In another example, if the measured temperature indicates an unattainable temperature, the user may also be advised to increase the target temperature to enable the device to work more efficiently with similar results.

In addition to power consumption, it is also valuable to the user to estimate the efficiency of the unit, which may be related to cooling, heating, dehumidification, etc. For example, detection of degradation in efficiency of an appliance over time compared to baseline behavior may indicate the need for maintenance actions, such as filter cleaning or replacement, refrigerant change, and the like.

Additionally or alternatively, if inefficient behavior is detected over an extended period of time, one or more long-term actions may be suggested to reduce power consumption, such as repairing or upgrading a unit, installing another unit, etc.

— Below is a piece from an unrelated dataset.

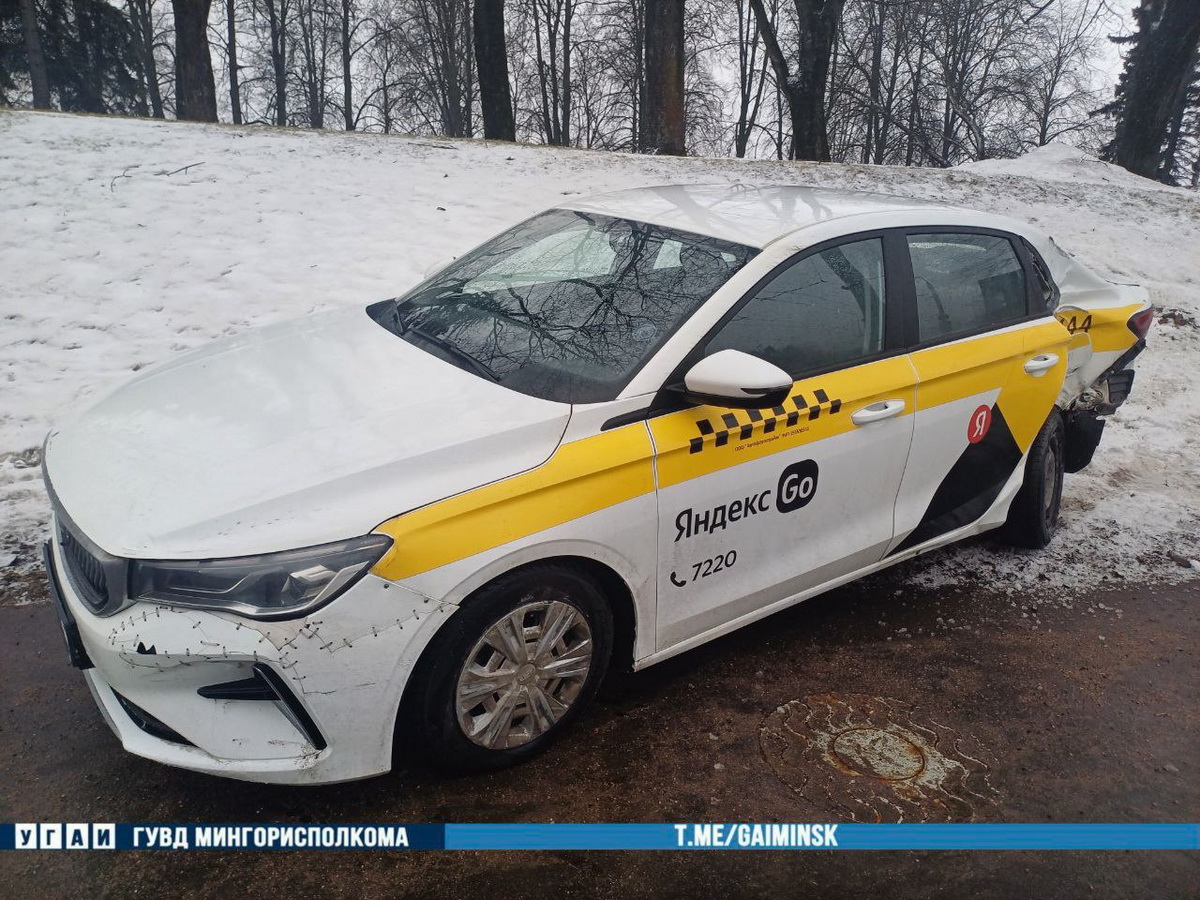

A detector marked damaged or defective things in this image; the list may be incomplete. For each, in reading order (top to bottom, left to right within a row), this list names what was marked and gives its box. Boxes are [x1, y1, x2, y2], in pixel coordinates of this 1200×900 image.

damaged rear bumper [44, 532, 451, 787] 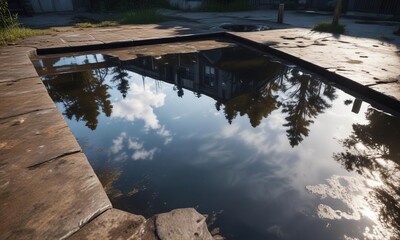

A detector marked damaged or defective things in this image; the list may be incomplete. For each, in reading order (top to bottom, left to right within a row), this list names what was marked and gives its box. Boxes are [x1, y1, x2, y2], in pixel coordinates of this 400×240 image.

Aggregated data including estimates or forecasts of the unit's power supply, or possible recommendations for the unit's operation or environment and possible consequences may be displayed to the user, sent to a monitoring or control system, stored in a file or database, or in a Other ways are used. Power consumption may be accumulated over a period of time, such as a month. Power consumption during this time period can also be inferred and then compared to actual power consumption. The power consumption may be provided in units such as kilowatts/hour, a cost to account for electricity rates that may vary depending on the date or time, etc.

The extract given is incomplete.